TextDataAug is pipeline has implemented for Boosting Performance on Text Classification tasks by using "Easy Data Augmentation" , "Back-Translation" techniques and to support 22 languages.Given a sentence in the training set, we perform the following operations:
- Synonym Replacement (SR): Randomly choose n words from the sentence that are not stop words. Replace each of these words with one of its synonyms chosen at random.
- Random Insertion (RI): Find a random synonym of a random word in the sentence that is not a stop word. Insert that synonym into a random position in the sentence. Do this n times.

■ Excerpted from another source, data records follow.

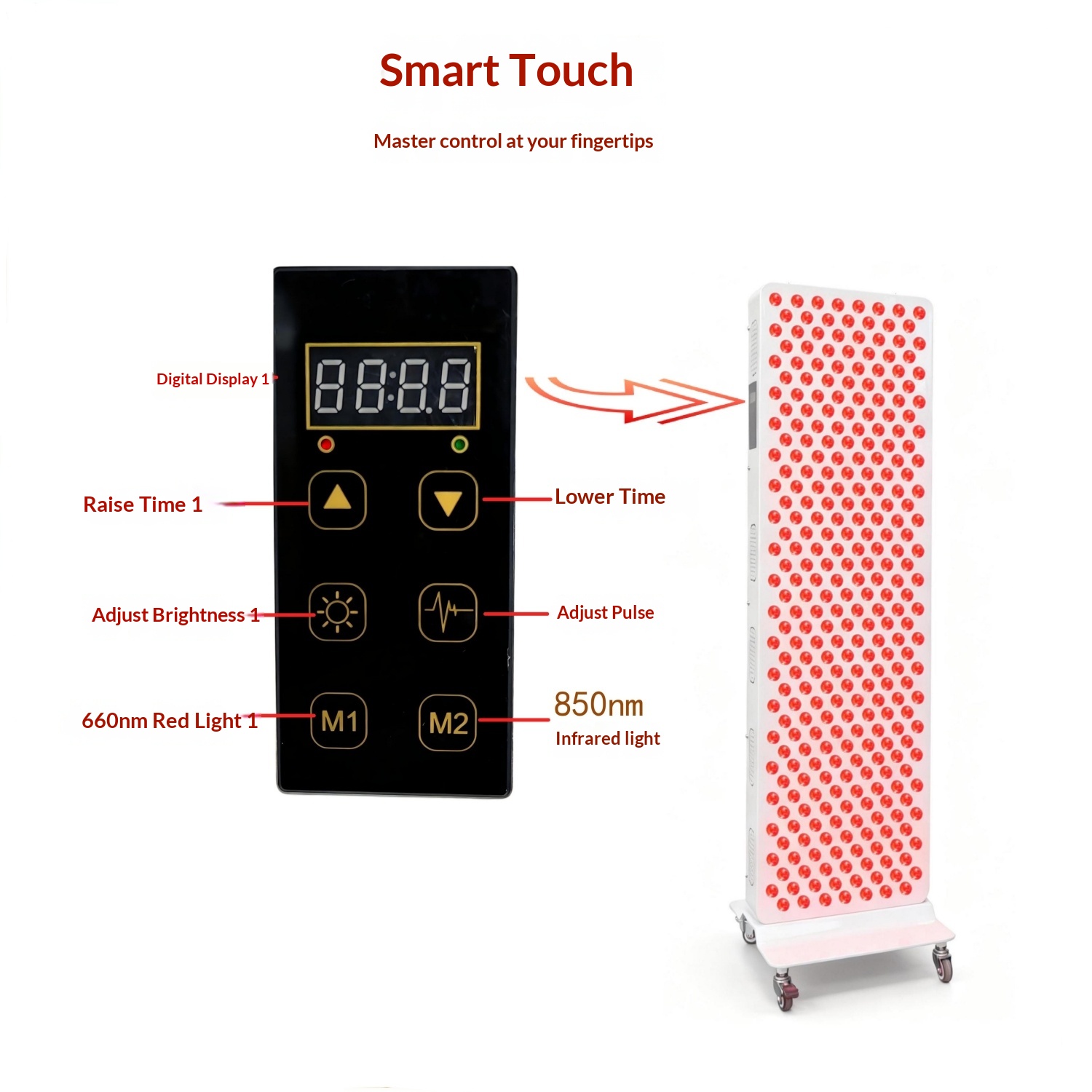 Tấm đèn trị liệu ánh sáng đỏ c - đánh giá và giá Red Light Therapy Panel 1500W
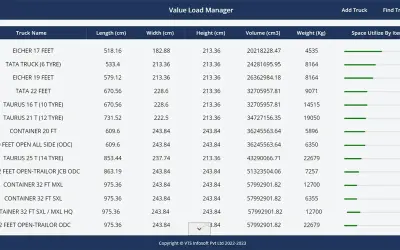 VLM for Microsoft 365 — screenshot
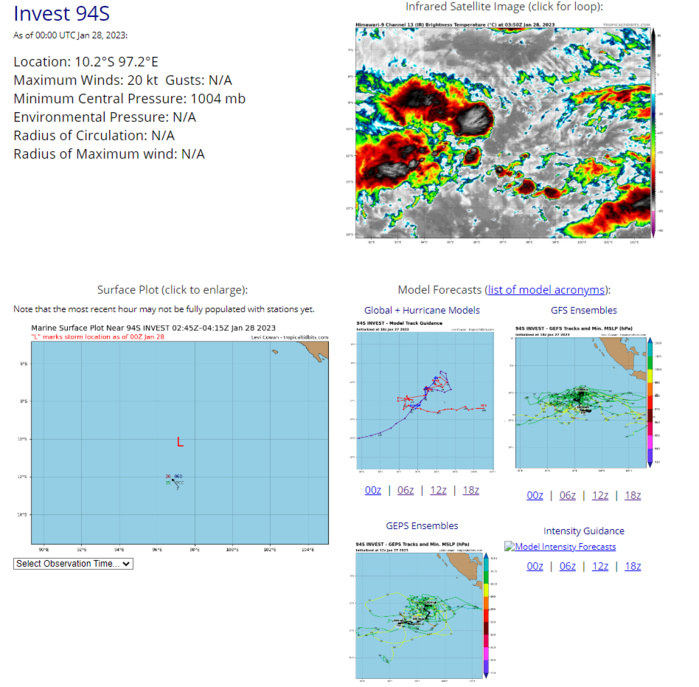 TC 08S(CHENESO): long-awaited 2nd intensity peak occurring at last//Invest 98W//Invest 90B//Invest 94S// 2806utc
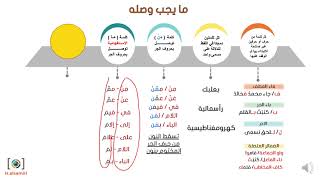 الكفاية الإملائية الوصل والفصل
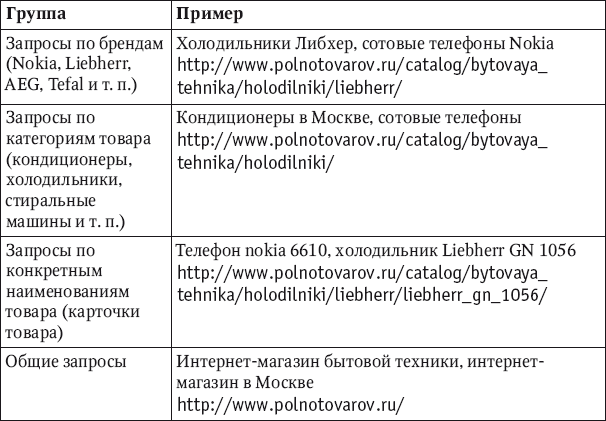 999 способов увеличения ваших продаж: в Интернете и не только - i_017.png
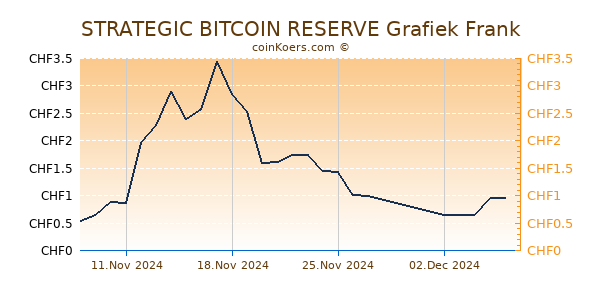 STRATEGIC BITCOIN RESERVE Grafiek 6 Maanden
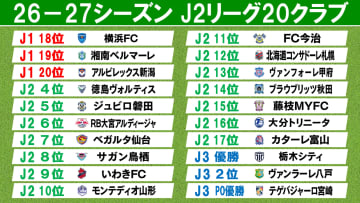 【J2】26-27シーズン“全20クラブ確定”　宮崎が昇格プレーオフ突破で初J2へ　磐田、鳥栖、札幌の降格組は1年で復帰ならず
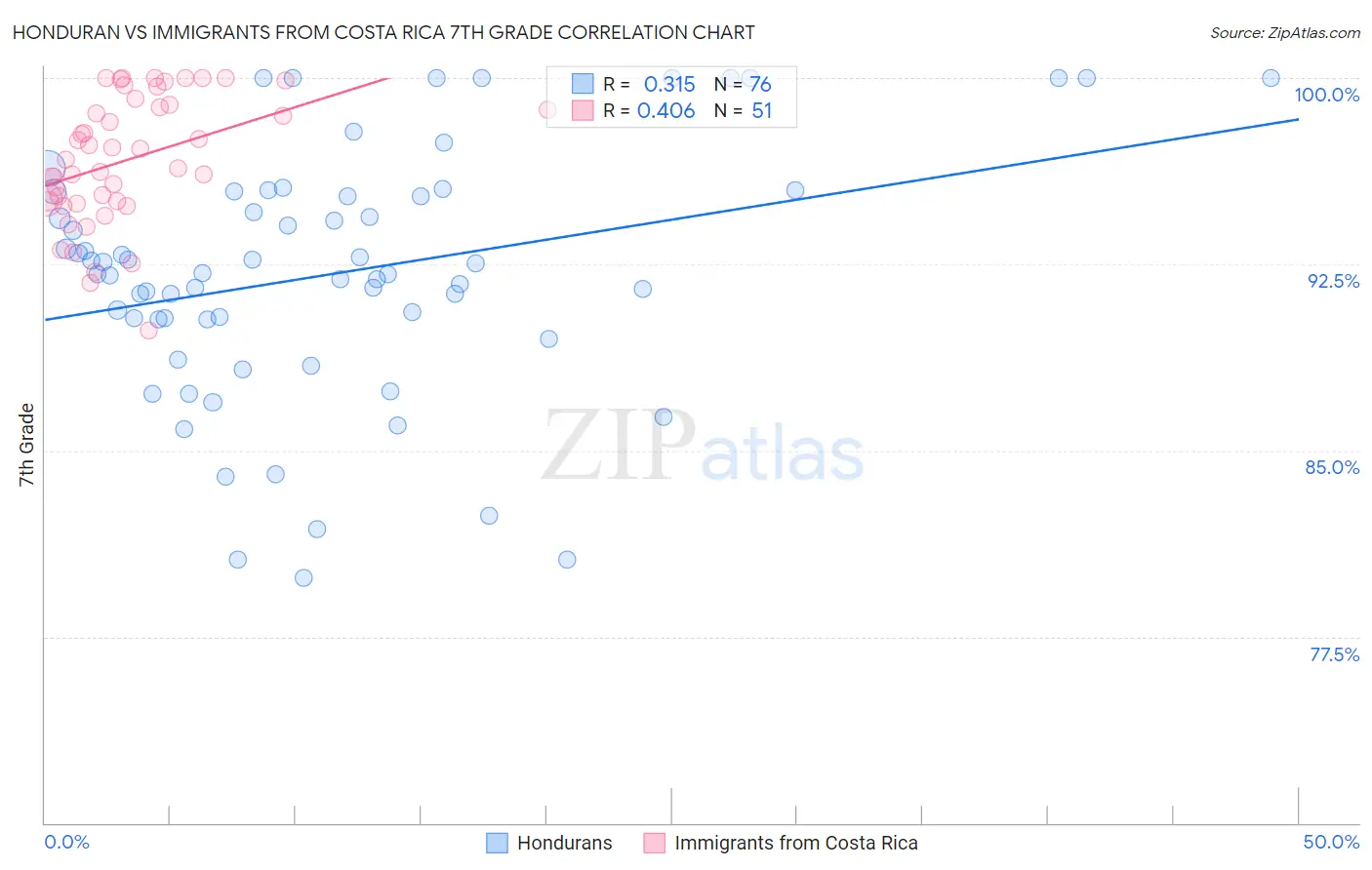 Honduran vs Immigrants from Costa Rica 7th Grade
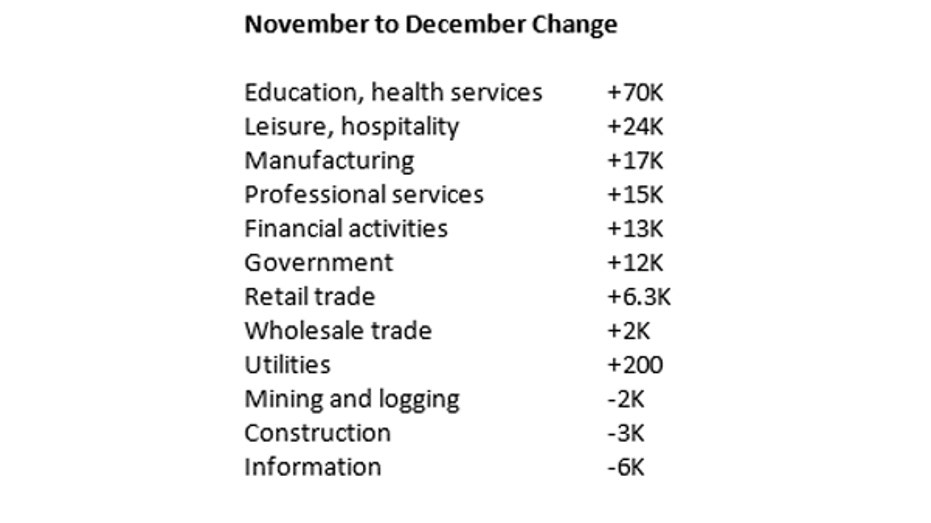 December 2016 jobs growth FBN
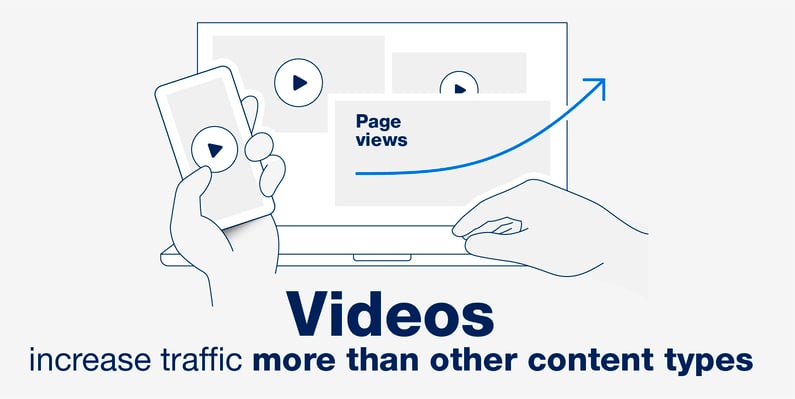 Video increase traffic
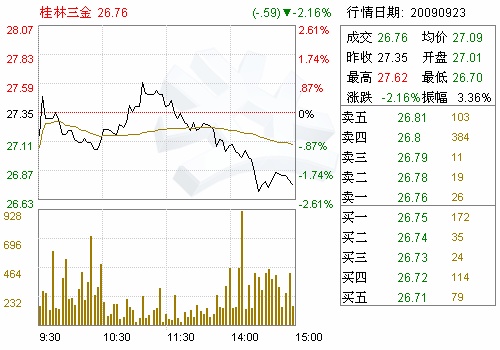 桂林三金(002275)股东大会议事规则(图)-证券频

- Random Swap (RS): Randomly choose two words in the sentence and swap their positions. Do this n times.
- Random Deletion (RD): For each word in the sentence, randomly remove it with probability p.
- Back-Translation
The pipeline has been implemented based on EDA: Easy Data Augmentation Techniques for Boosting Performance on Text Classification Tasks and Low Resource Text Classification with ULMFit and Backtranslation.
Arabic , Catalan , Danish , English , Basque , Persian , Finnish , French , Galician , Hebrew , Indonesian , Italian , Japanese , Norwegian Nynorsk , Norwegian Bokmål , Polish , Polish , Spanish , Thai , Mal
Python 3
The following software packages are dependencies.
$ pip install numpy nltk gensim textblob googletrans
The following code downloads stopwords and wordnet data
nltk.download('stopwords')
nltk.download('omw')
nltk.download('wordnets')
tda=DataAugmentation('english')
text_out=tda.AugPipeLine("Great movie. This is the type of movie you just want to watch time and time again. A real classic.)
tda=DataAugmentation('english')
print(tda.AugPipeLine("Great movie. This is the type of movie you just want to watch time and time again. A real classic.",num=2,probability=0.2,bktr=True,translate_to='es'))